--- Given entries ---

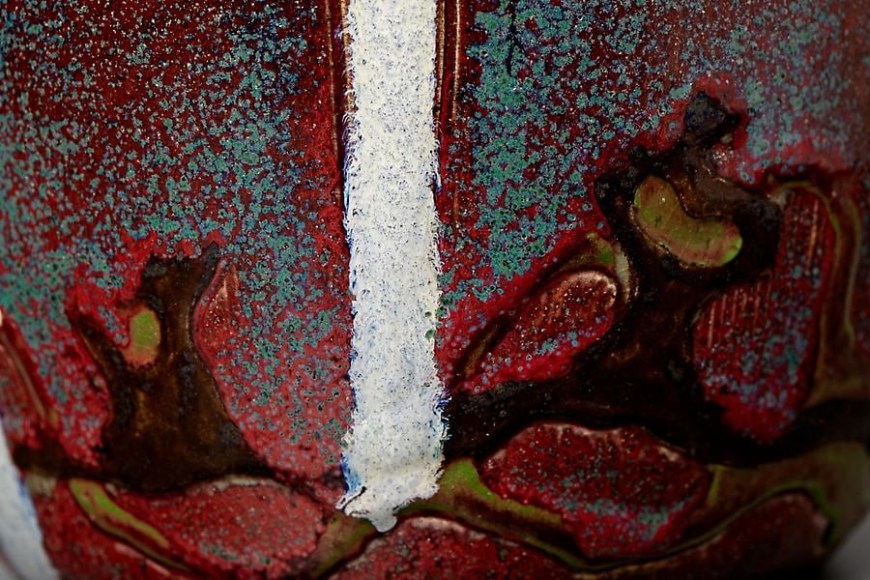 Japonist Landscape Vase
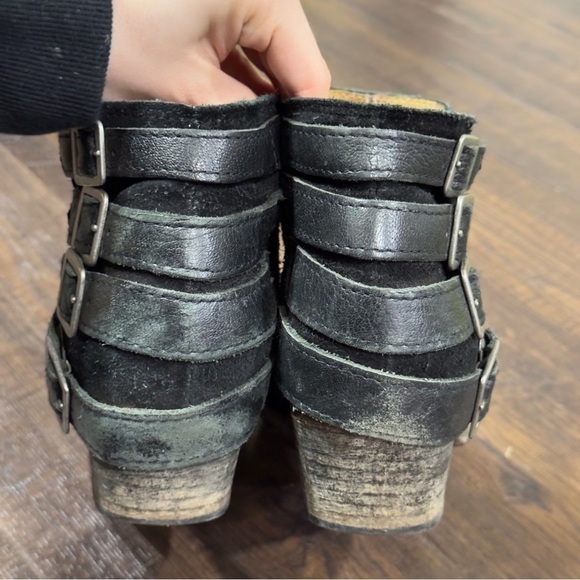 H by Hudson Encke Black Suede Ankle Booties Size‎ EU 39 Women - Picture 9 of 14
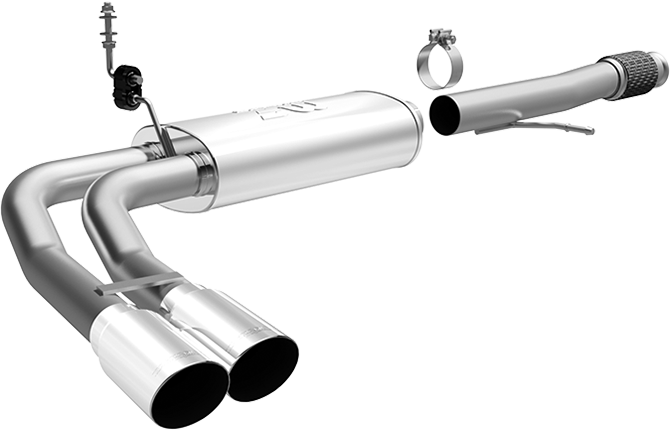 2014-2018 Chevy/GMC 1500 Magnaflow 3" Catback Exhaust System w/Side Exit Before Passenger Tire - Dual Polished Tips - CC/EC Std.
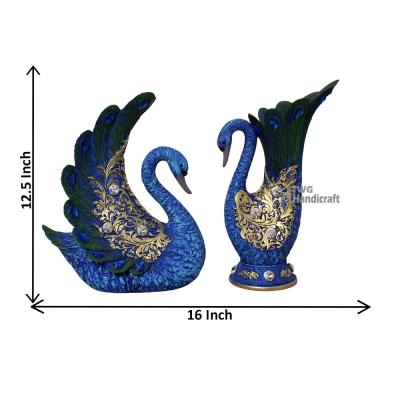 Feng Shui Swan Couple Statue Manufacturers in Meerut Home Decor Statue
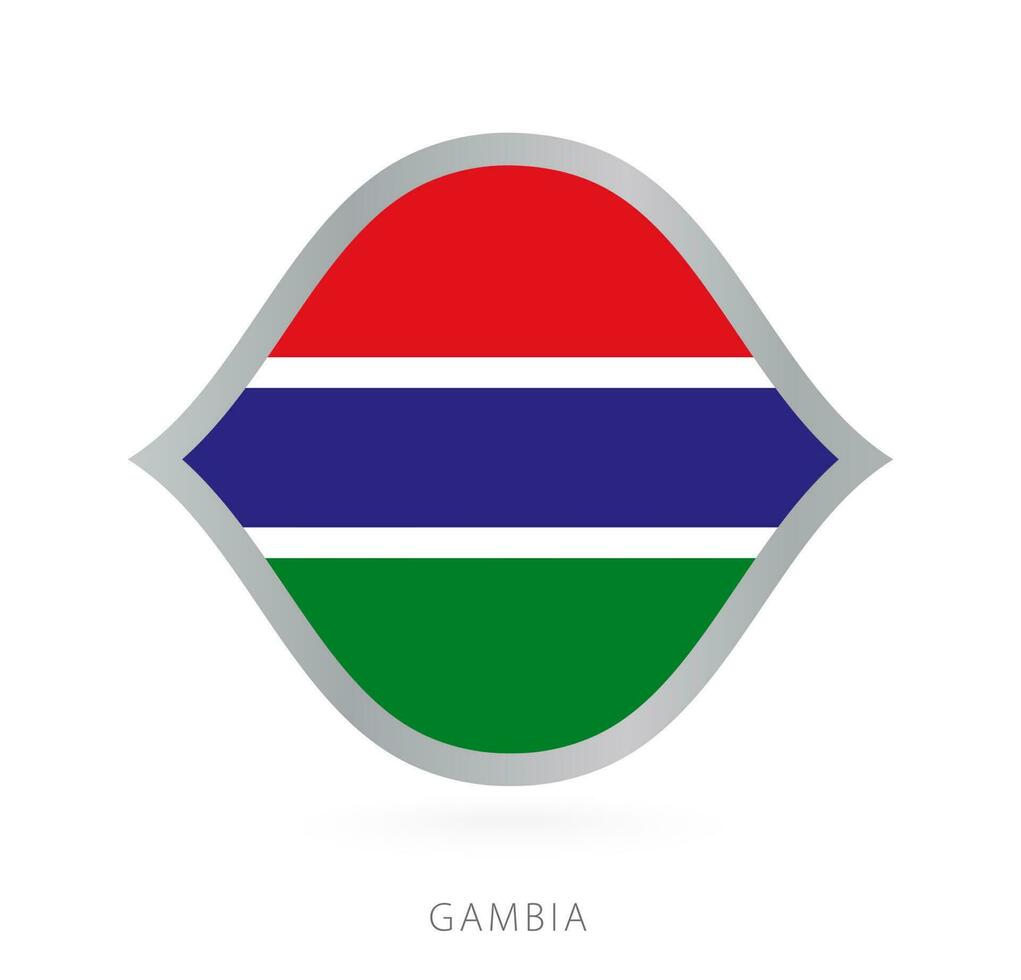 Gambia nationaal team vlag in stijl voor Internationale basketbal wedstrijden. vector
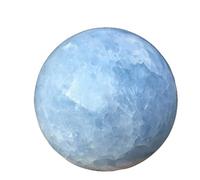 Home Natural Blue Celestite Sphere Quartz Crystal Ball (Size : 9-10cm)
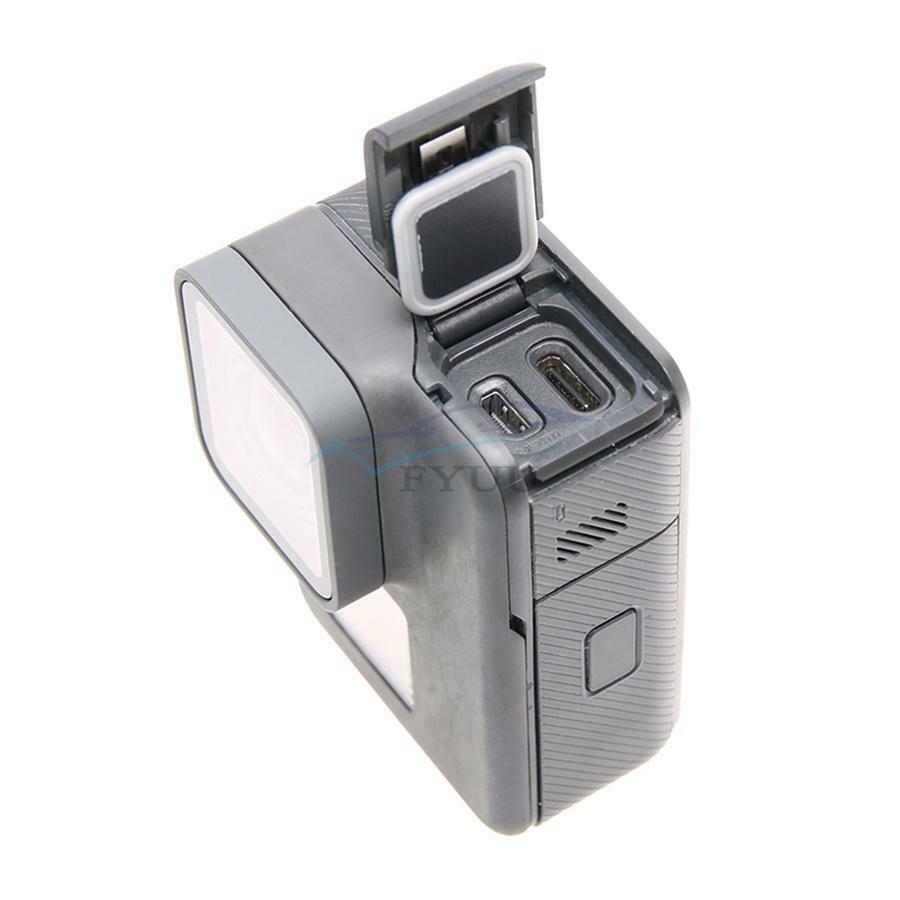 1Piece USB-C &Micro-HDMI Port Side Cover Repair Replacement For GoPro HERO Black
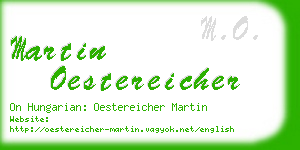 martin oestereicher business card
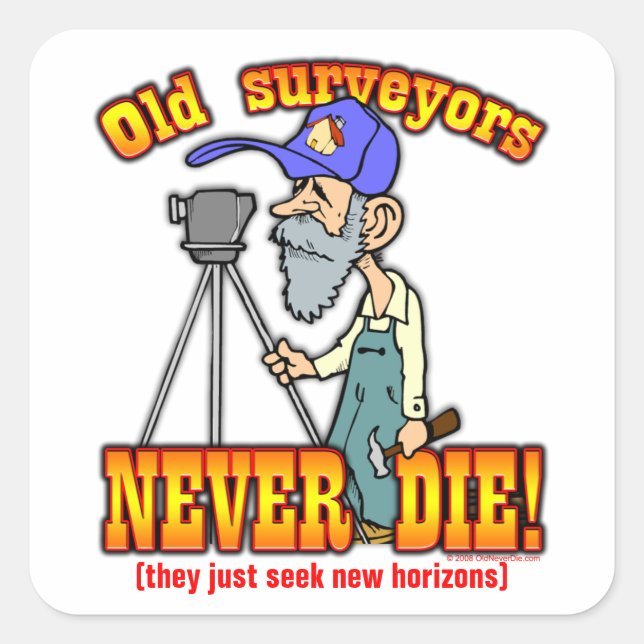Surveyors Square Sticker (Front)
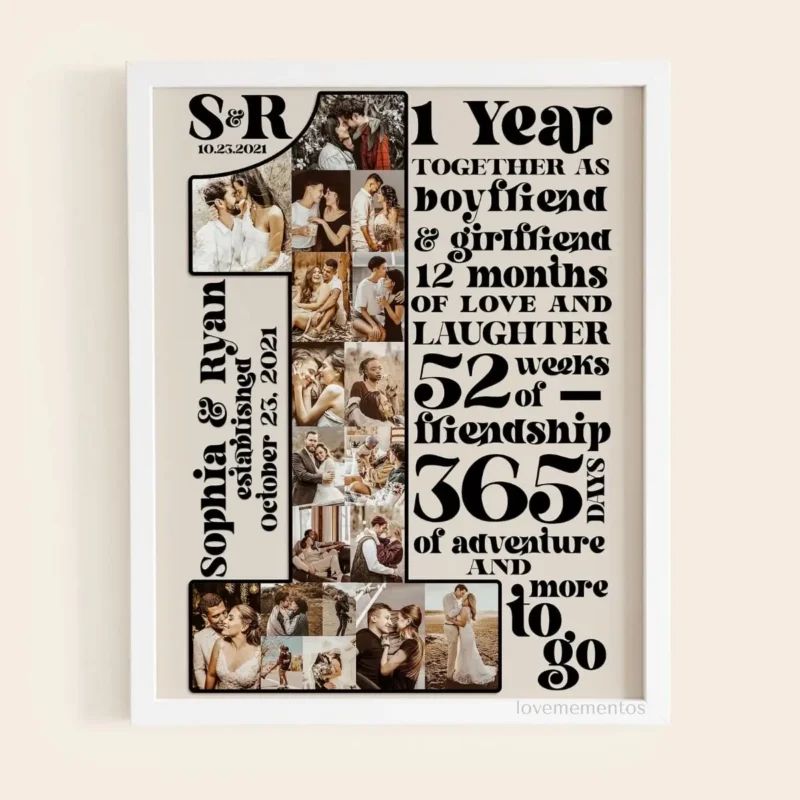 1 Year Anniversary Collage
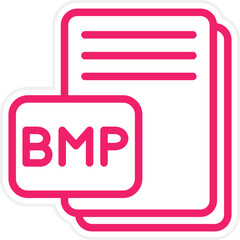 Vector Design BMP Icon Style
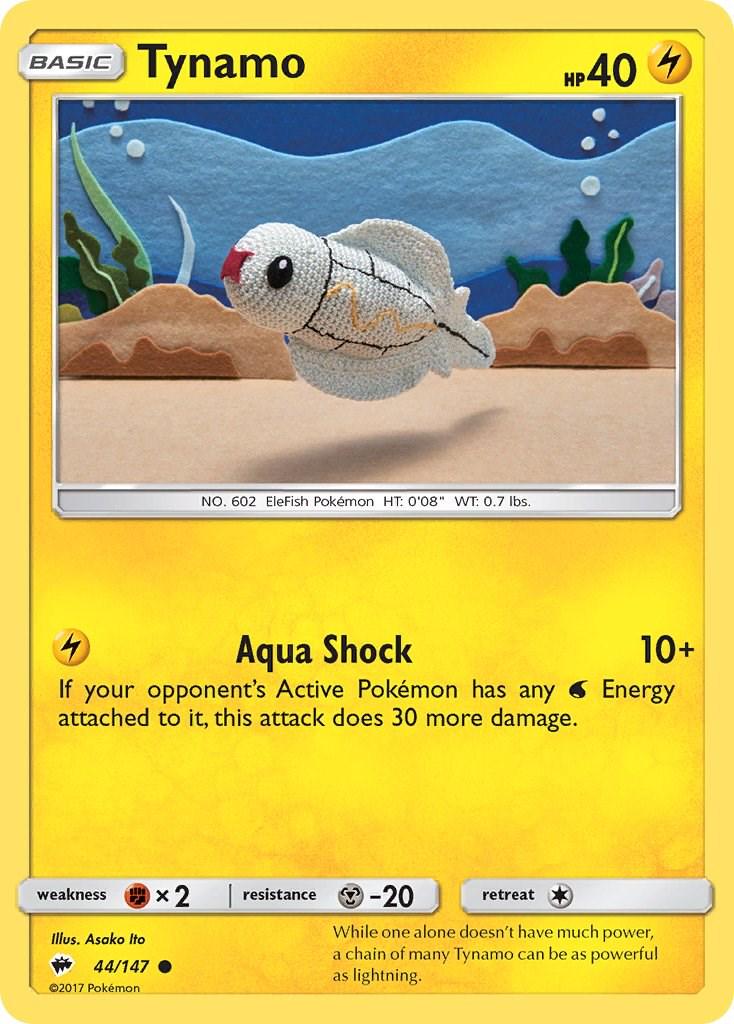 Tynamo #44 Pokemon Burning Shadows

---

Activity:
Say again, word for word, every line from the one with "Vector Design BMP Icon Style" through the last line of the data above, minus the pictures.

Output for this exercise:
 Vector Design BMP Icon Style
 Tynamo #44 Pokemon Burning Shadows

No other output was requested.